109, lett. c, del d.P.R. 29 gennaio 1958, n. 645 (t.u. delle leggi
sulle imposte dirette), promosso con ordinanza emessa il 21 febbraio
1969 dal tribunale di Ancona nel procedimento civile vertente tra la
società “Rita” e l’Amministrazione delle finanze dello Stato,
iscritta al n. 159 del registro ordinanze 1969 e pubblicata nella
Gazzetta Ufficiale della Repubblica n. 152 del 18 giugno 1969.
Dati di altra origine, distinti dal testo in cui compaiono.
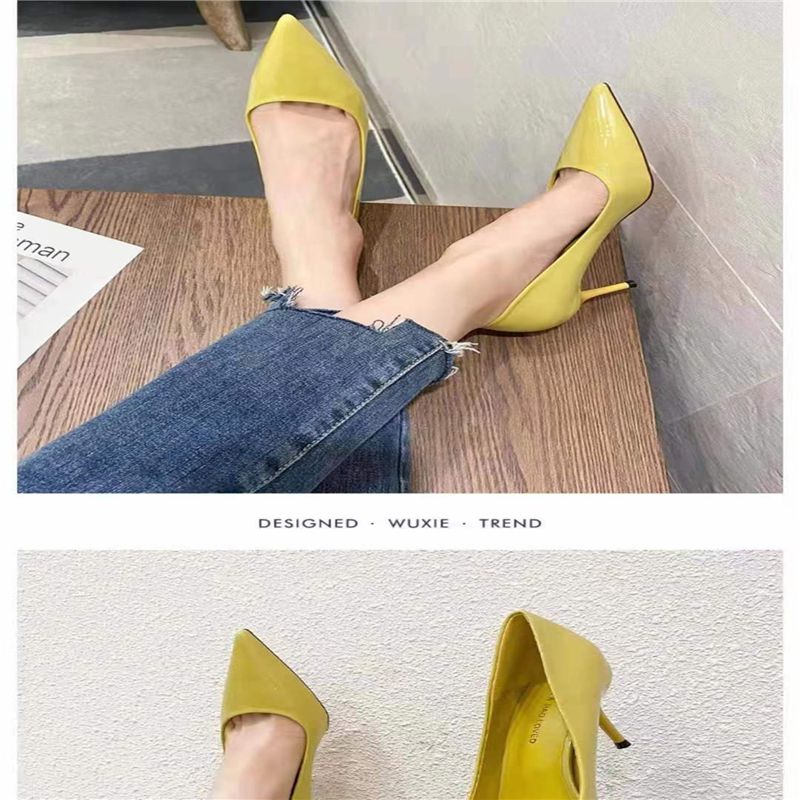 European Station Fashion Leather Temperament Square Head Literary Retro Lady Chunky Heel Shoes Women 2021 Spring/Summer New 34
Visti gli atti di costituzione della società “Rita” e
dell’Amministrazione delle finanze dello Stato, e l’atto d’intervento
del Presidente del Consiglio dei ministri;
udito nell’udienza pubblica dell’11 novembre 1970 il Giudice
relatore Giovanni Battista Benedetti;
uditi l’avv. Antonio Astorri, per la società “Rita”, ed il
sostituto avvocato generale dello Stato Luciano Tracanna, per il
Presidente del Consiglio dei ministri e per l’Amministrazione
finanziaria.
Con ordinanza 21 febbraio 1969 – emessa dal tribunale di Ancona
nel procedimento civile vertente tra la società a r.l. “Rita”,
esercente la casa di cura “Villa Verde” e l’Amministrazione delle
finanze dello Stato – è stata sollevata la questione di legittimità
costituzionale dell’art. 8, ultima parte, della legge 5 gennaio 1956,
n. 1, e dell’art. 109, lettera c del testo unico delle leggi sulle
imposte dirette 29 gennaio 1958, n. 645, in riferimento agli artt. 3 e
53 della Costituzione.
L’eccezione di incostituzionalità era stata formulata dinanzi al
tribunale dalla società “Rita” alla quale il competente ufficio delle
imposte dirette aveva negato la detraibilità sui bilanci degli anni
1957, 1958 e 1959, ai fini dell’imposta di ricchezza mobile categoria
B, dei compensi da essa corrisposti ai sanitari che avevano prestato la
loro opera nella casa di cura, sul rilievo che la relativa spesa non
risultava dalla registrazione cronologica delle somme pagate.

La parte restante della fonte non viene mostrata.